Go to the line below containing "Are videos effective marketing" and print exactly from there through the line containing "Technical characteristics of wood boilers. Technical", both included. Print nothing else.
Record extracts START
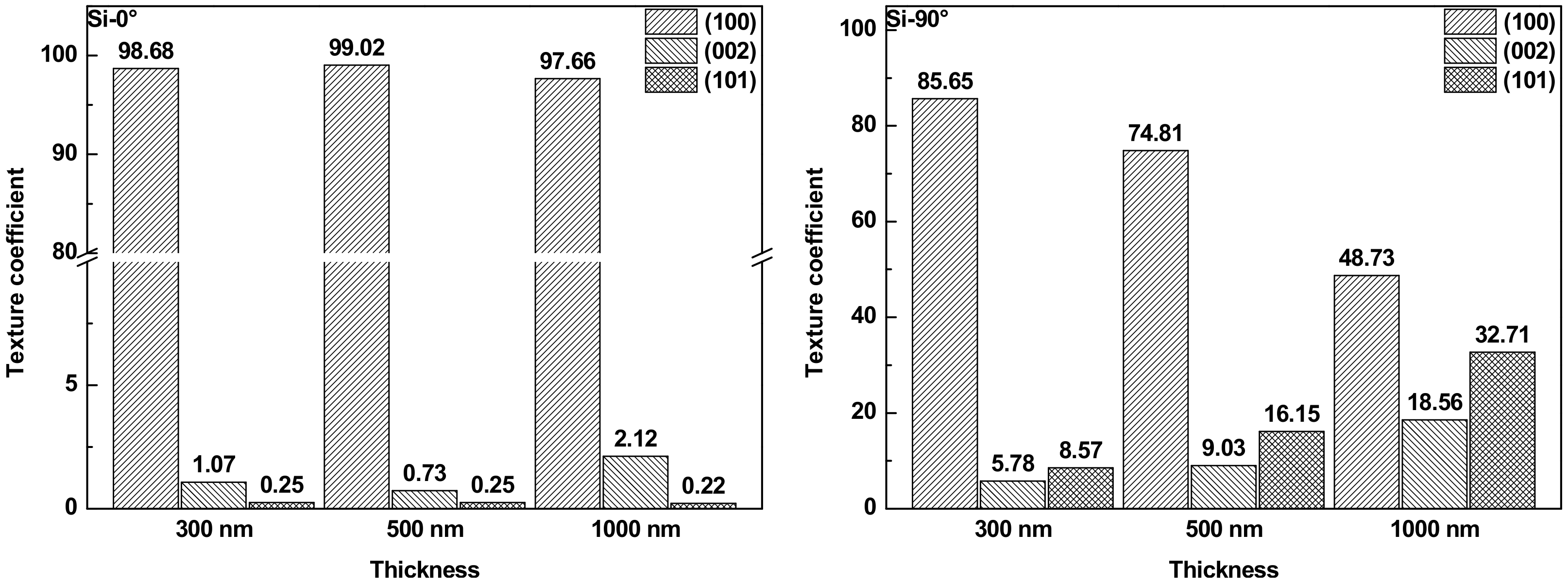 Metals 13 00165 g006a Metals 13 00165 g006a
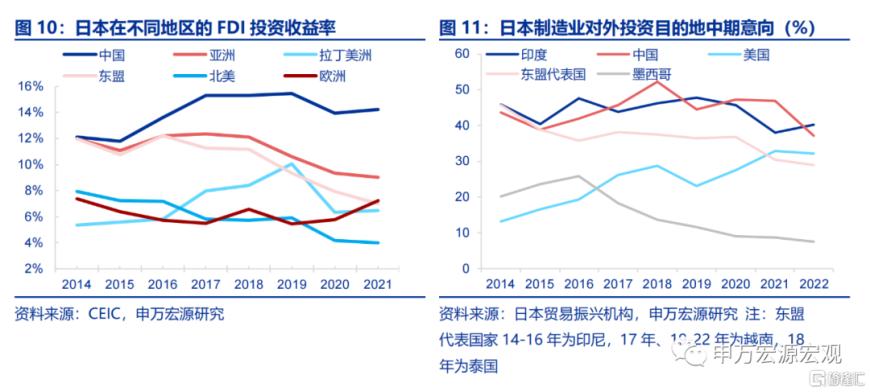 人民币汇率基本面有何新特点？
Record extracts END
Record extracts START
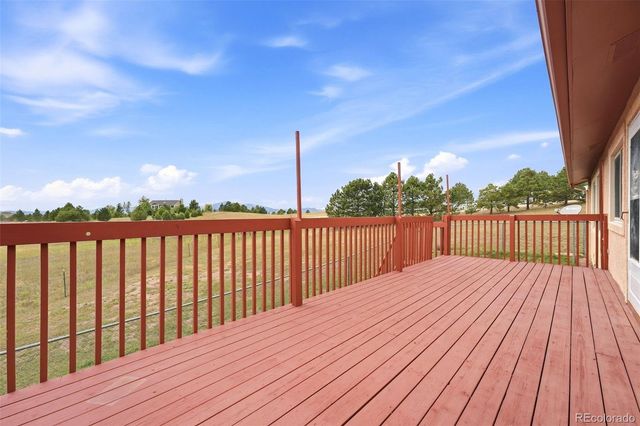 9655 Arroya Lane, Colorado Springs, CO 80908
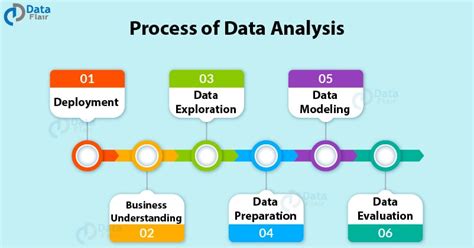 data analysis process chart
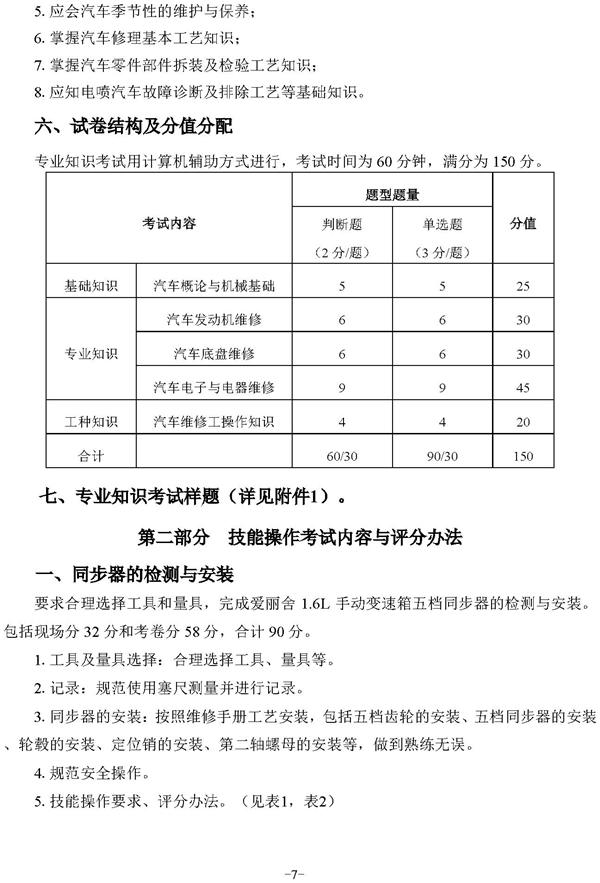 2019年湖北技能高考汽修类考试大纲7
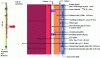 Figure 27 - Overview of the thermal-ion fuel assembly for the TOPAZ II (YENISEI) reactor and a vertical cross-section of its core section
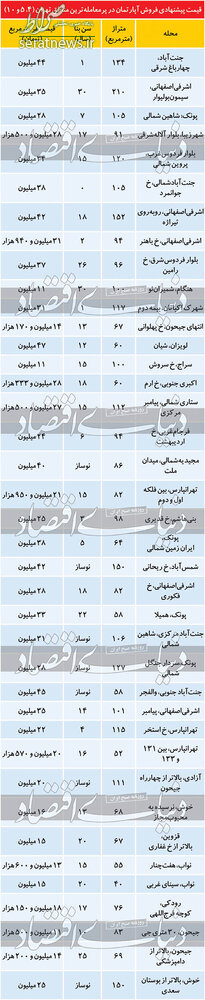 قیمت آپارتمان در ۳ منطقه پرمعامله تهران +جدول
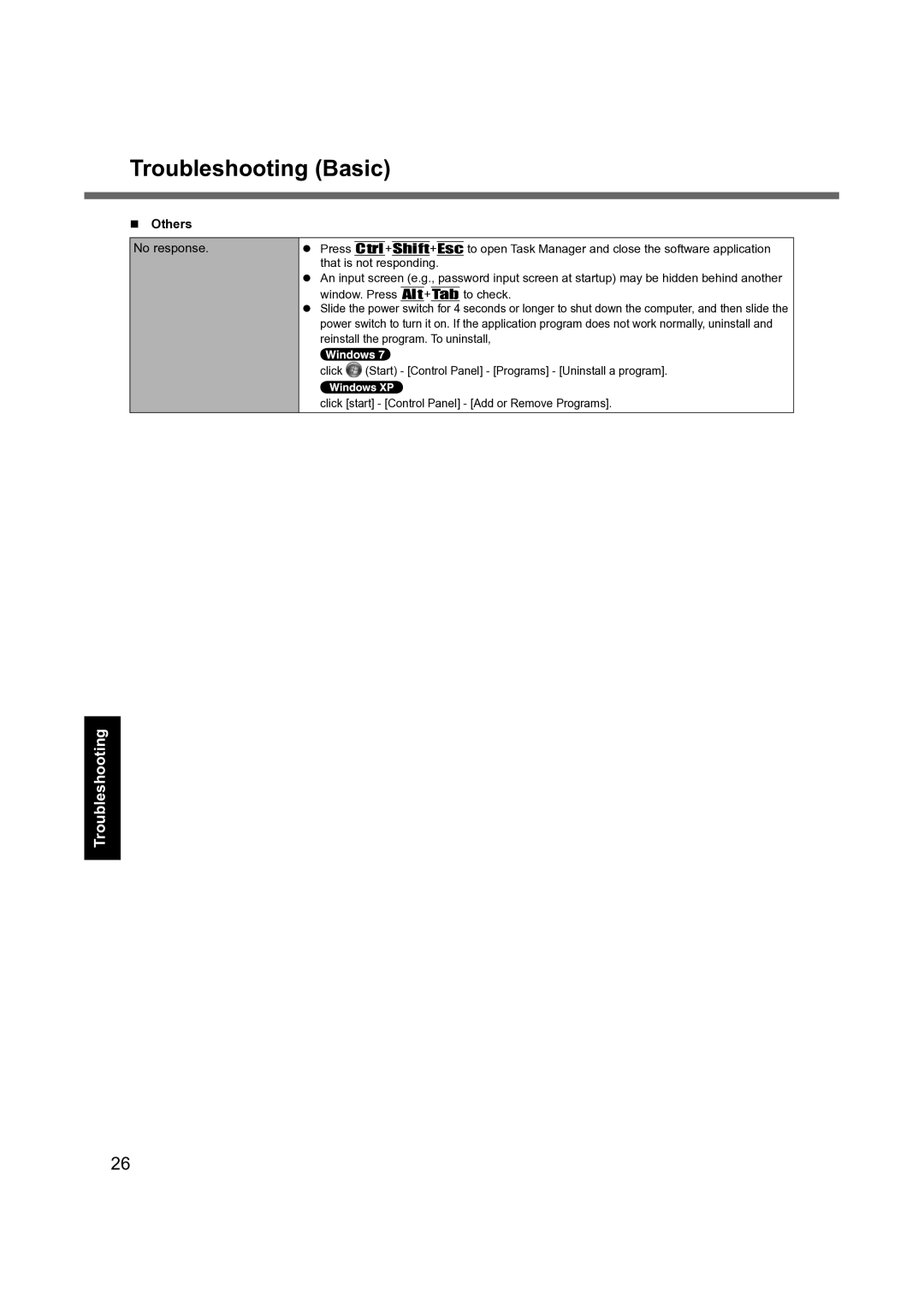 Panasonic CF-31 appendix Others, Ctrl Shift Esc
Record extracts END
Record extracts START
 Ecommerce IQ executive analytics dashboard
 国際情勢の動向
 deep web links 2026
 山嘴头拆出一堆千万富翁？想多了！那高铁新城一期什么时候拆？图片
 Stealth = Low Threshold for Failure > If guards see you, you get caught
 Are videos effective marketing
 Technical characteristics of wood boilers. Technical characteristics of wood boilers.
Record extracts END
_Expected output_
 Are videos effective marketing
 Technical characteristics of wood boilers. Technical characteristics of wood boilers.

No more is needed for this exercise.